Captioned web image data
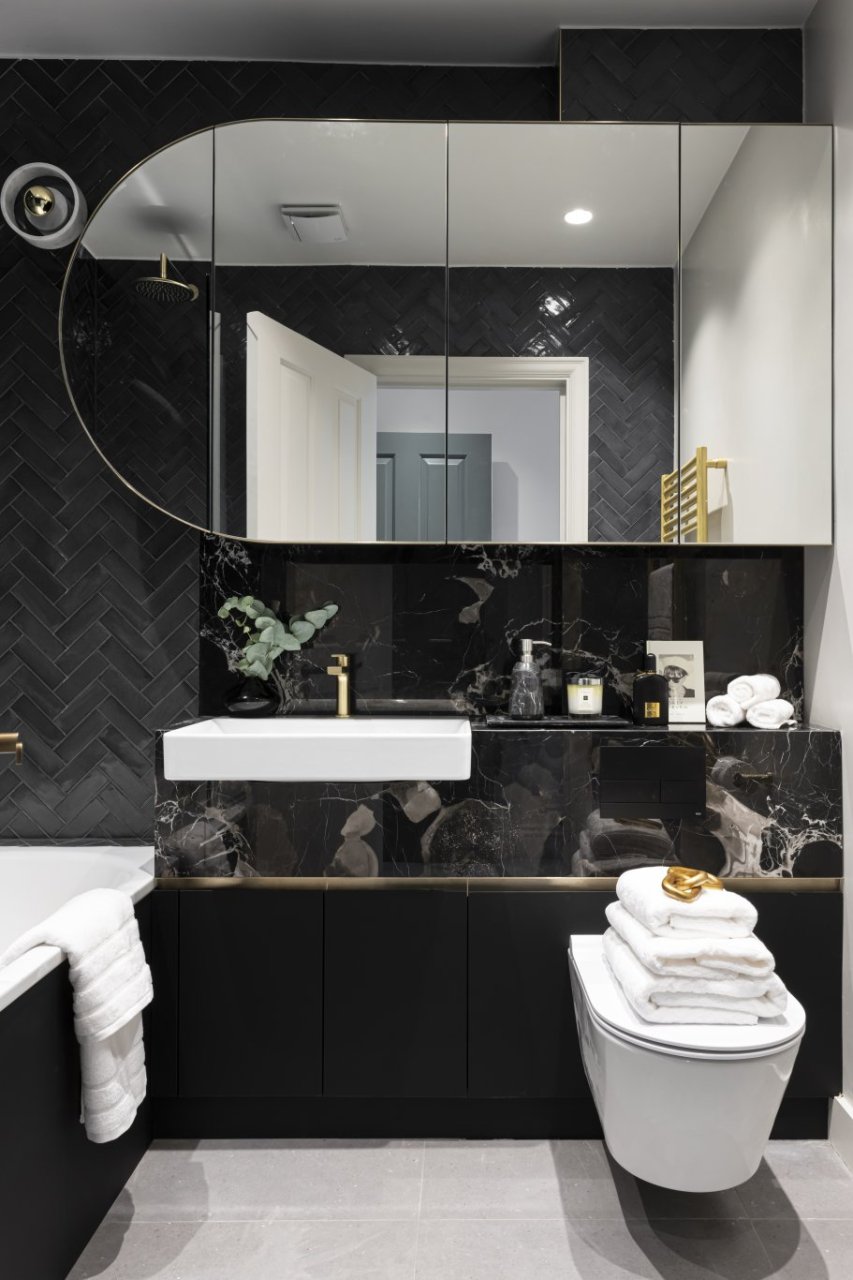 A bathroom covered in black marble and black porcelain tiles. Multiple towels for hands and showering everywhere as well as a fancy soap bottle and a cotton candle. 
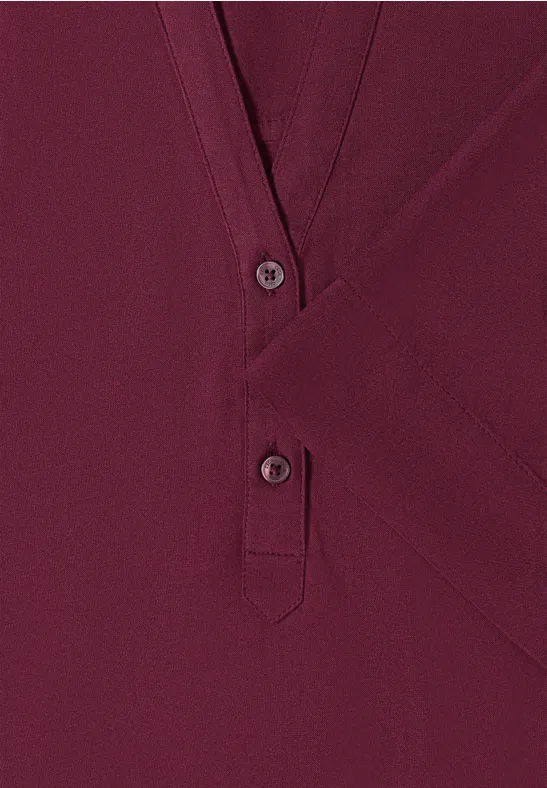 Nahaufnahme eines weinroten V-Ausschnitt-Oberteils mit Knopfleiste.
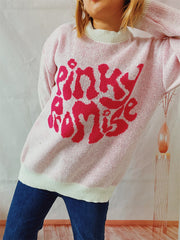 Blush pink knit jumper with a cream neckline and bold pink "Pinky Promise" graphic.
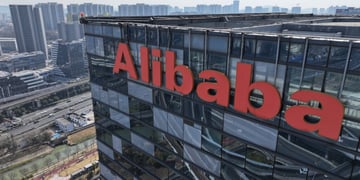 alibaba orange logo on top of dark glass building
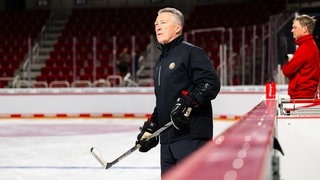 Eishockey-Nationaltrainer Harold Kreis hält einen Eishockey-Schläger in den Händen und steht auf dem Eis. 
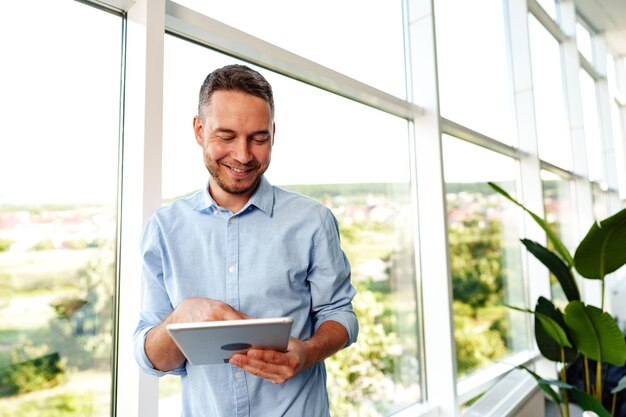 Homem de negócios moderno usando tablet digital enquanto estava perto da janela em seu escritório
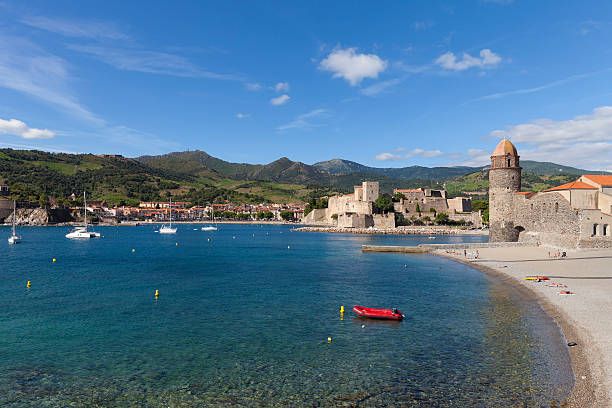 Collioure, France - July 03, 2016. View of the picturesque Collioure, situated in the Département Pyrénées-Orientales. Château Royal in the centre of the picture. The beach is highly frequented by tourists and natives. Pyrenees Mountain Range in the background.
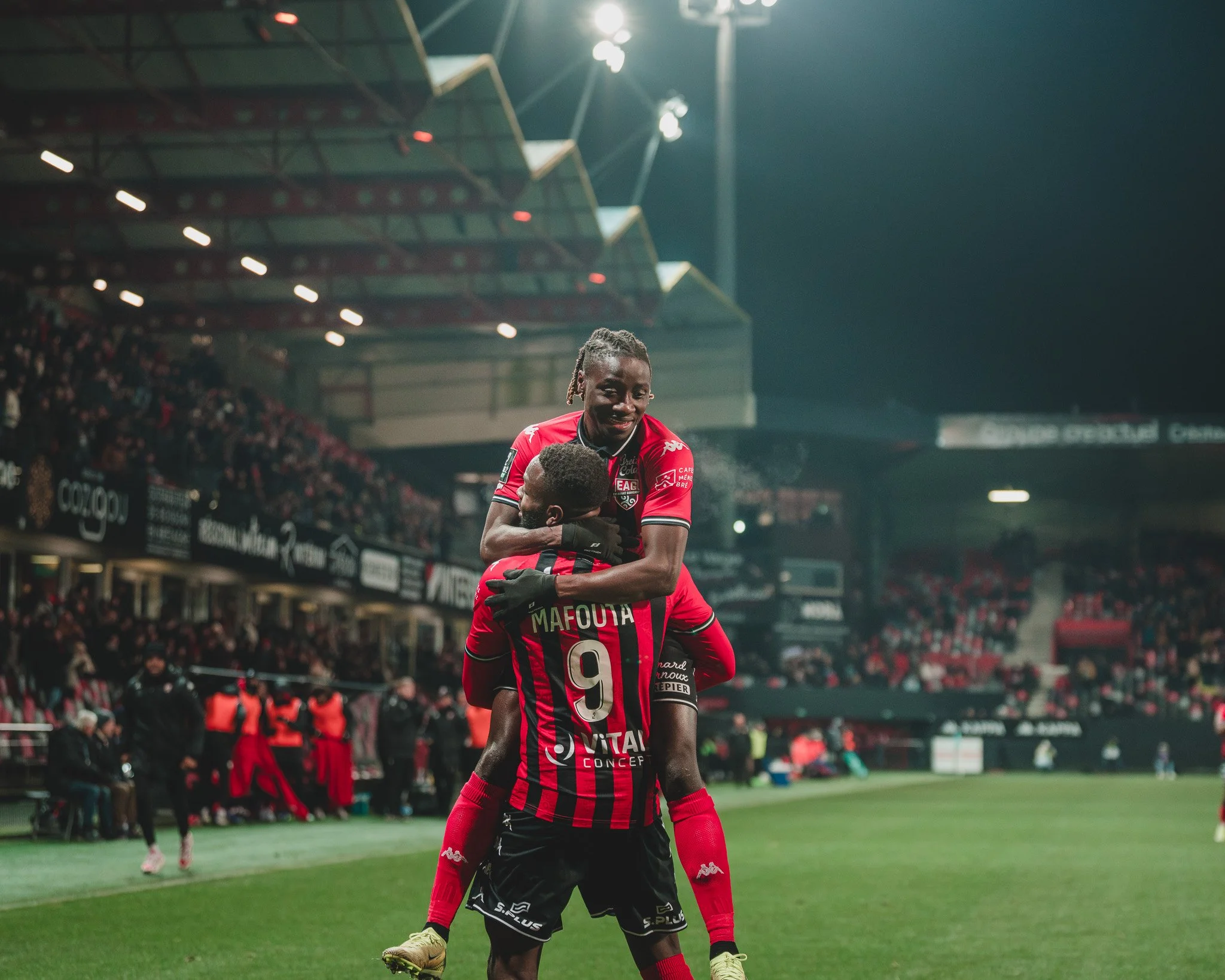 Deux joueurs de football en tenue rouge célébrant un but sur le terrain d'un stade, un saut en l'air et une étreinte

| WHAT TO PRODUCE |
All lines from the one containing "Collioure, France - July" through the final line of the entries above must be restated word for word, pictures excluded.

| ANSWER TO THIS PROBLEM |
 Collioure, France - July 03, 2016. View of the picturesque Collioure, situated in the Département Pyrénées-Orientales. Château Royal in the centre of the picture. The beach is highly frequented by tourists and natives. Pyrenees Mountain Range in the background.
 Deux joueurs de football en tenue rouge célébrant un but sur le terrain d'un stade, un saut en l'air et une étreinte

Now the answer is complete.